Please copy the records exactly as they appear, with all pictures left out.

» Available data
BEGIN

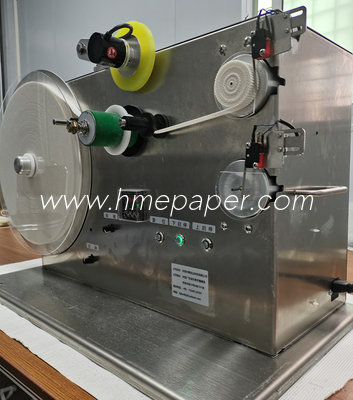 Αγορά Άνεμος μηχανή 220V 50HZ ταινιών ταινιών εγγράφου ανοξείδωτου online manufacture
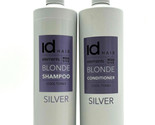 idHair Elements Xcluxive Blonde Shampoo &amp; Conditioner Cool Tones Silver ... - $94.99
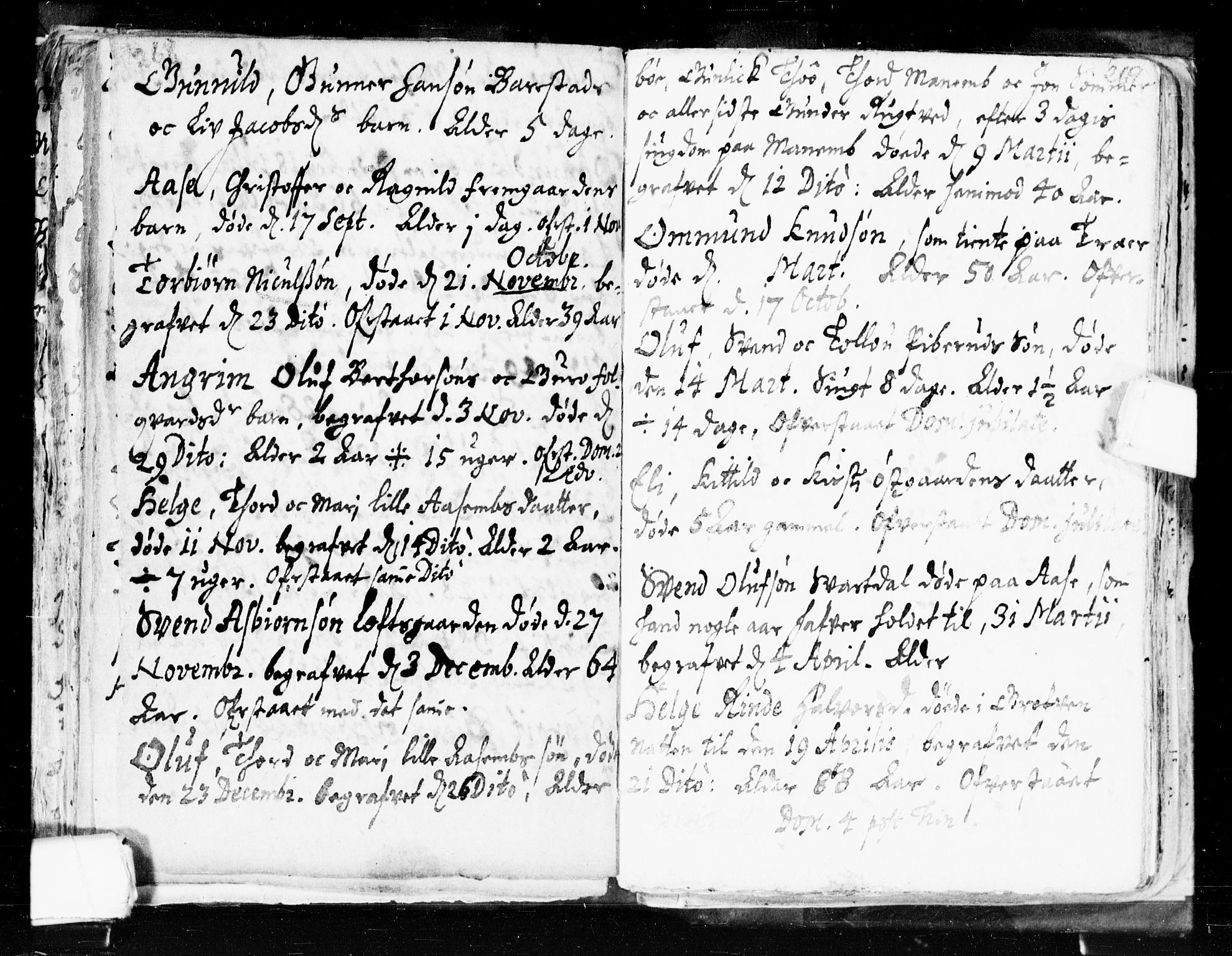 Seljord kirkebøker, AV/SAKO-A-20/F/Fa/L0002: Ministerialbok nr. I 2, 1689-1713, s. 268-269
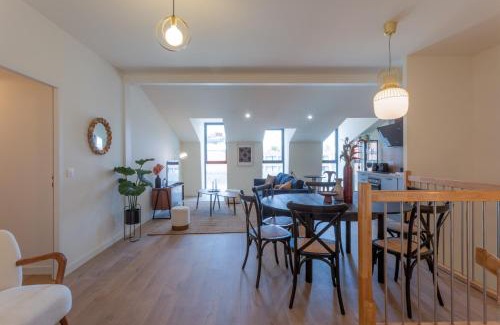 Les Chalets - Saint-Aubin - Saint-Etienne Apartamento | Sky View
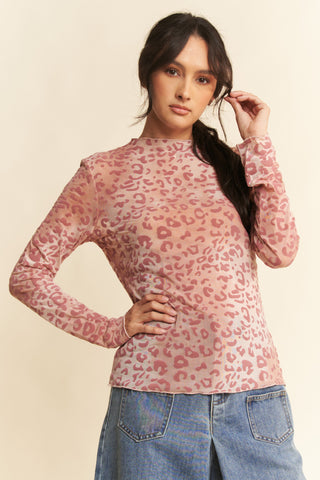 Pinky Pony Club Layering Top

END

» Exercise answer
 Αγορά Άνεμος μηχανή 220V 50HZ ταινιών ταινιών εγγράφου ανοξείδωτου online manufacture
 idHair Elements Xcluxive Blonde Shampoo &amp; Conditioner Cool Tones Silver ... - $94.99
 Seljord kirkebøker, AV/SAKO-A-20/F/Fa/L0002: Ministerialbok nr. I 2, 1689-1713, s. 268-269
 Les Chalets - Saint-Aubin - Saint-Etienne Apartamento | Sky View
 Pinky Pony Club Layering Top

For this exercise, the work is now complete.